EXERCISE BRIEF:
Please copy the data below exactly, from its first line through the line holding "Photo of 1504", and skip the pictures.

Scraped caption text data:
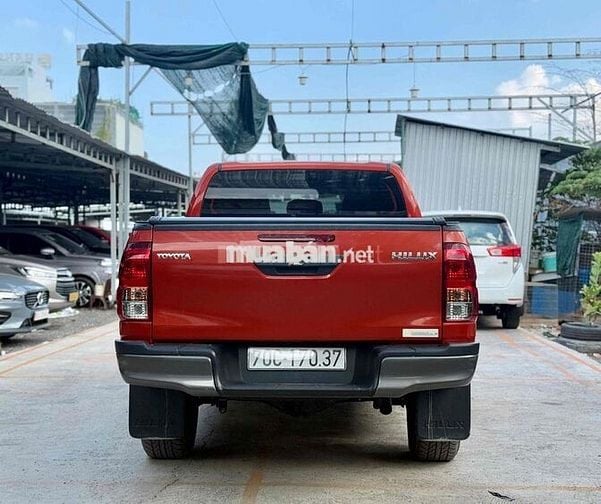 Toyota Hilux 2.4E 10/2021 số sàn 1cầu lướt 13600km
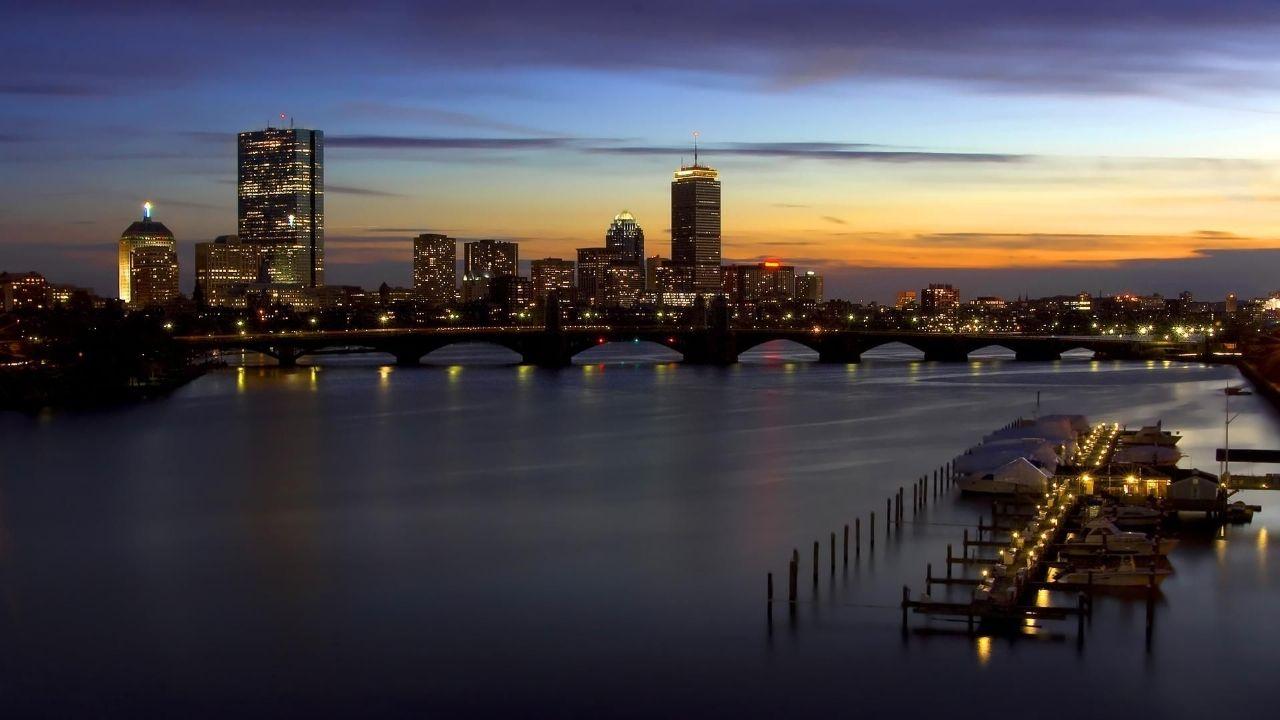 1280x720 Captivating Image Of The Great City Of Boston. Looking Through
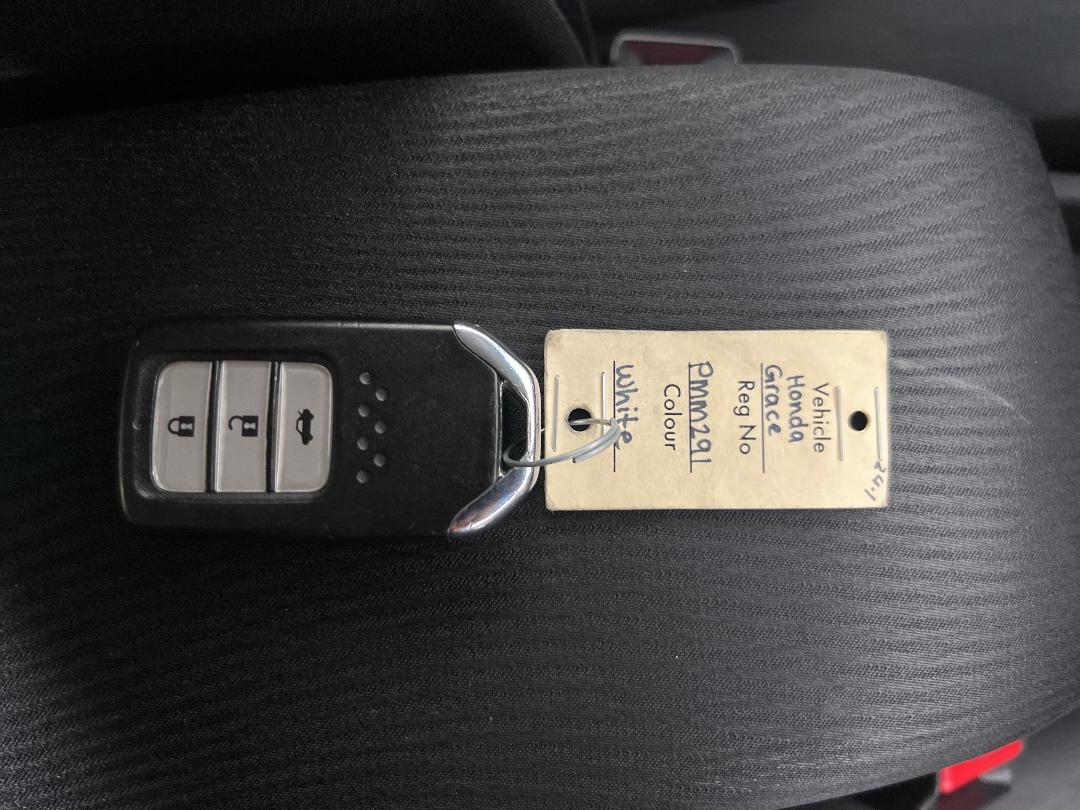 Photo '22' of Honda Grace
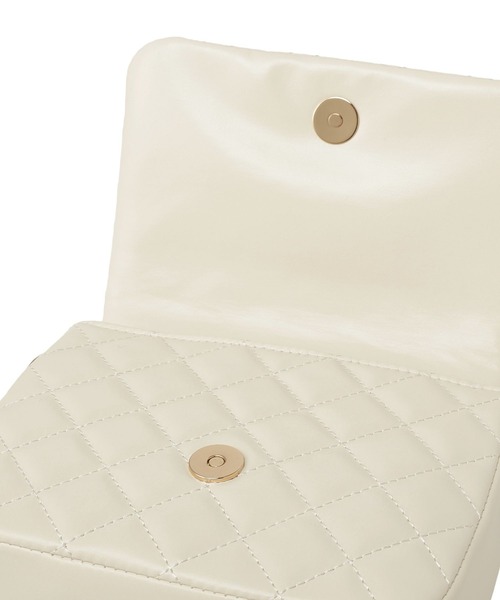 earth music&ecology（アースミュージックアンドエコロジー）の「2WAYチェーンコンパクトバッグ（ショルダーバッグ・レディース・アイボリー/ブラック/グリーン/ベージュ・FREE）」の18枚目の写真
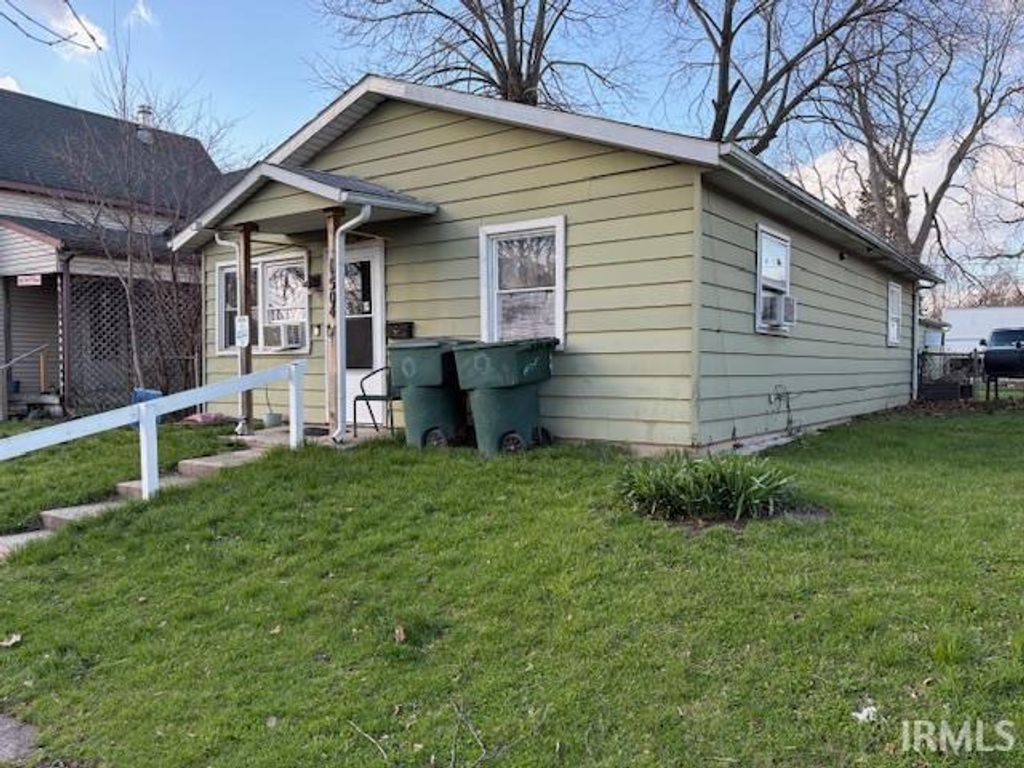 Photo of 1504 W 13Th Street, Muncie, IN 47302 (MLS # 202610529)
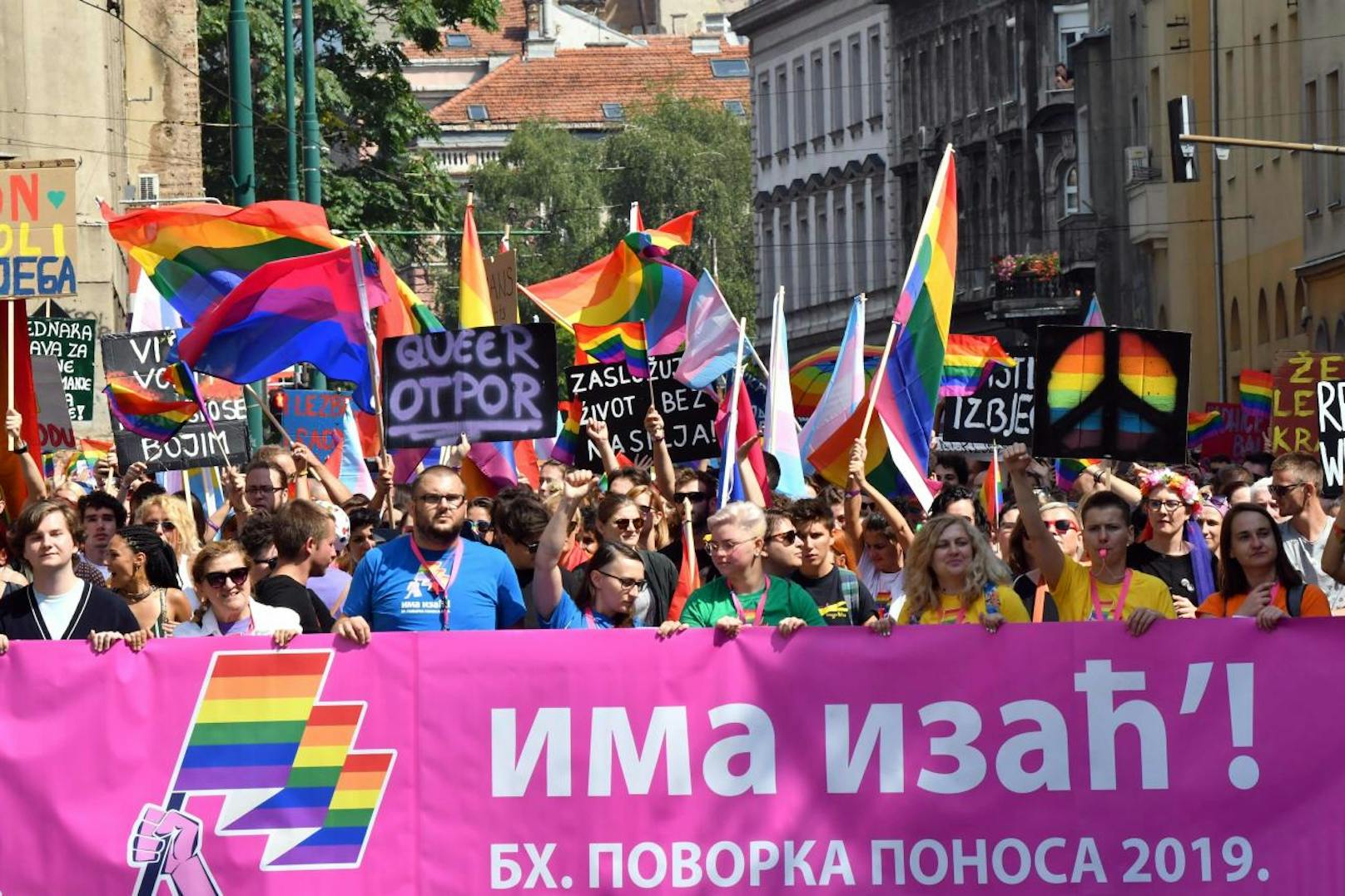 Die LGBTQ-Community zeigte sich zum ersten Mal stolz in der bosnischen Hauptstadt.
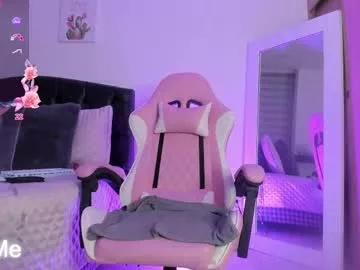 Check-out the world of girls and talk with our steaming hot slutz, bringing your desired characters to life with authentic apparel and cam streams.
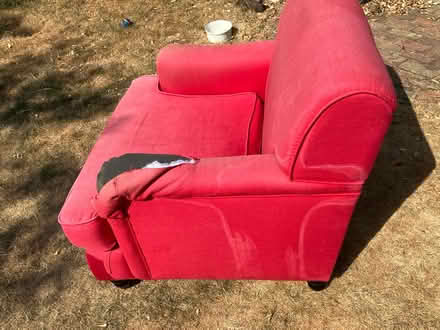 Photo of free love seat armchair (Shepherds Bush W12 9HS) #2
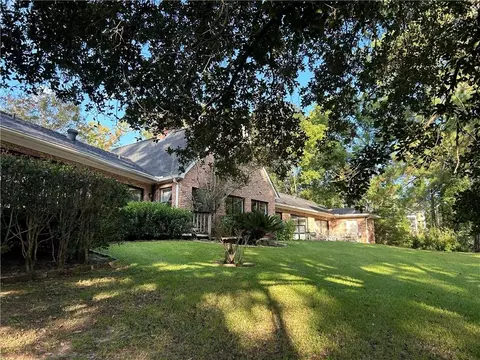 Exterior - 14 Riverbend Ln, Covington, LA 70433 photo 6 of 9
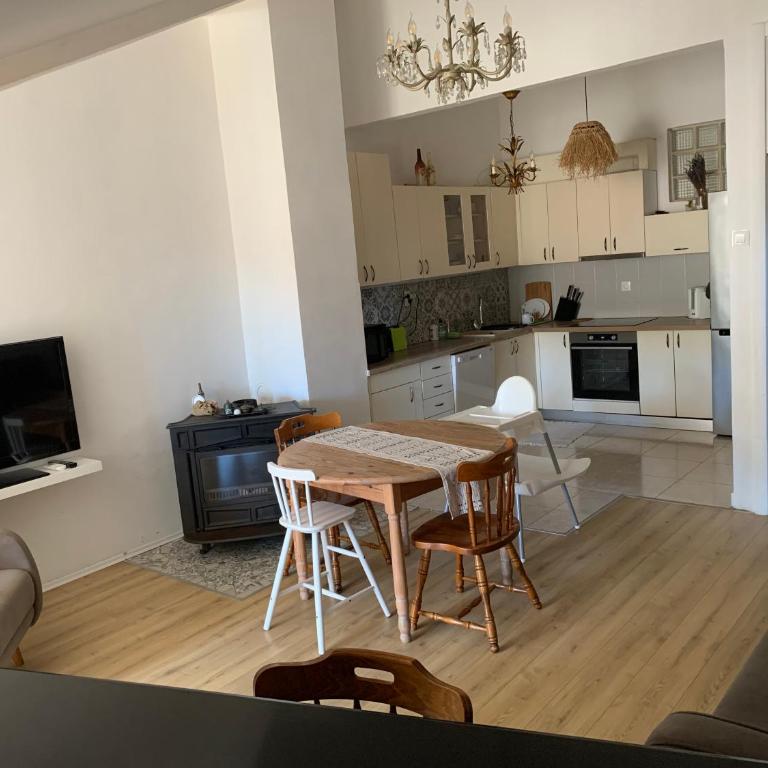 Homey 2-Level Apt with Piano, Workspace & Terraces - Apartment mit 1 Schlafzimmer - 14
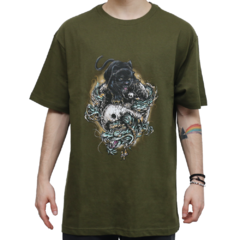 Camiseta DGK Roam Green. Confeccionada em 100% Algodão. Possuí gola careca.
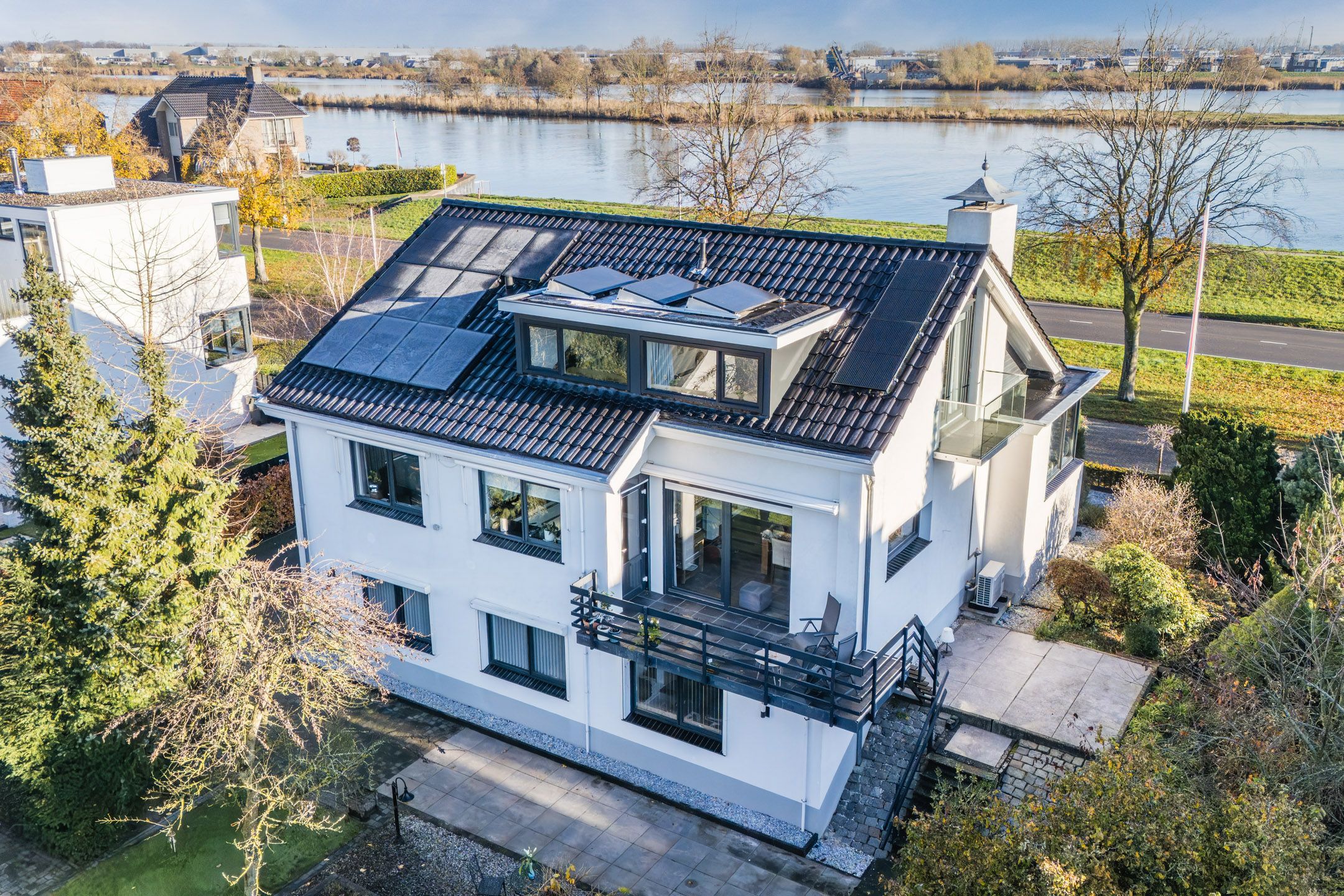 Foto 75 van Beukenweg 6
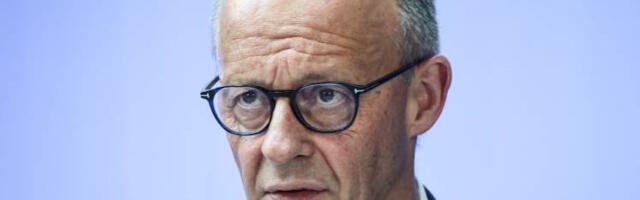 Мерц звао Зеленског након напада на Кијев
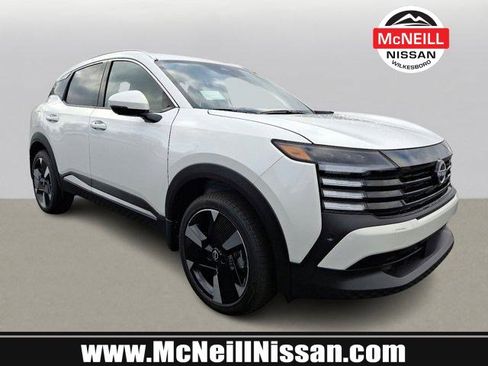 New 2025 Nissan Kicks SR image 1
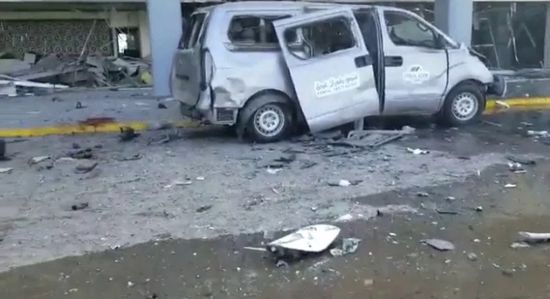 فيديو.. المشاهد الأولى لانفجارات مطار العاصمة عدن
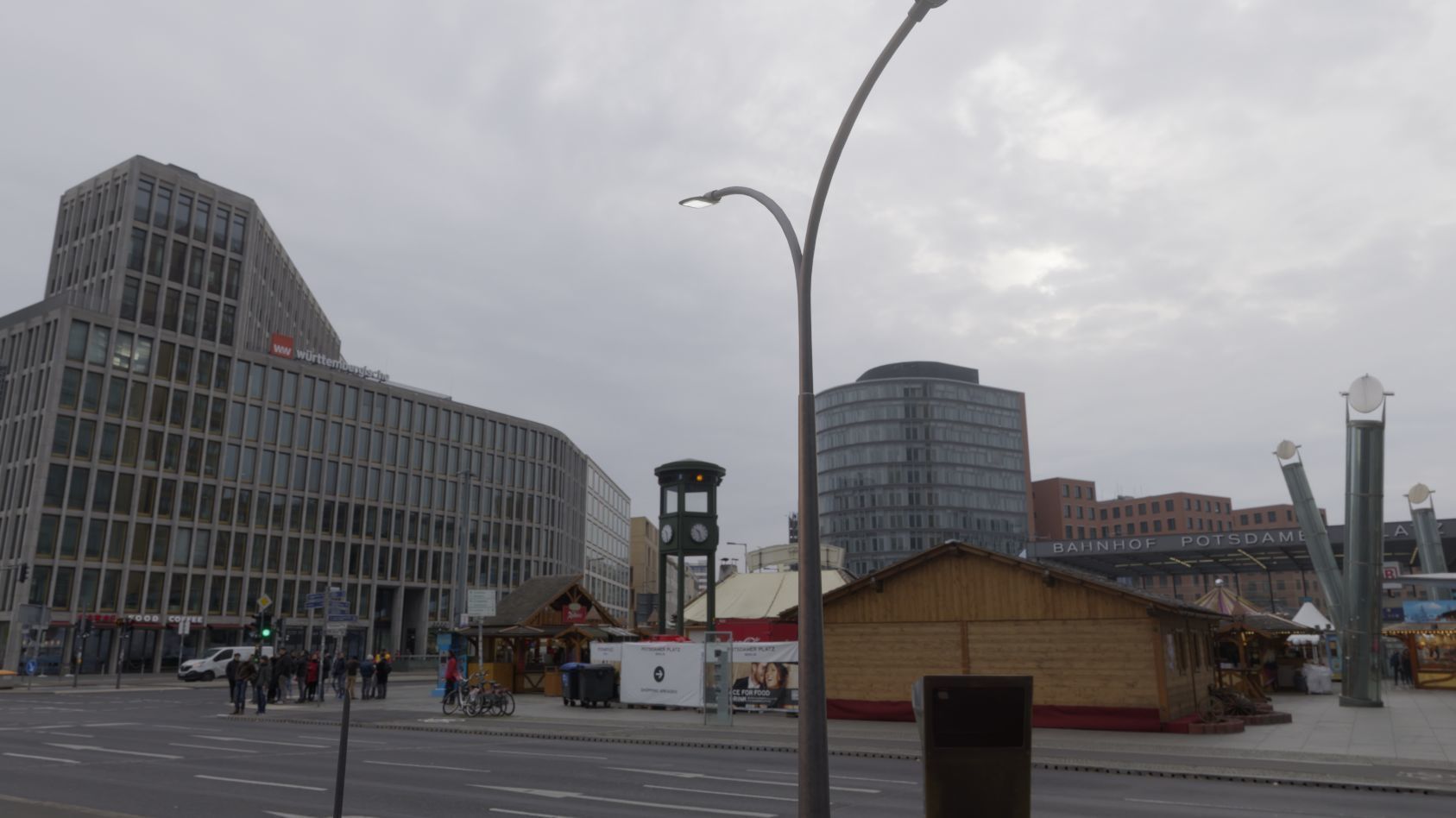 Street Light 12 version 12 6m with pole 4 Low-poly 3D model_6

OUTPUT FOR THIS TASK:
 Toyota Hilux 2.4E 10/2021 số sàn 1cầu lướt 13600km
 1280x720 Captivating Image Of The Great City Of Boston. Looking Through
 Photo '22' of Honda Grace
 earth music&ecology（アースミュージックアンドエコロジー）の「2WAYチェーンコンパクトバッグ（ショルダーバッグ・レディース・アイボリー/ブラック/グリーン/ベージュ・FREE）」の18枚目の写真
 Photo of 1504 W 13Th Street, Muncie, IN 47302 (MLS # 202610529)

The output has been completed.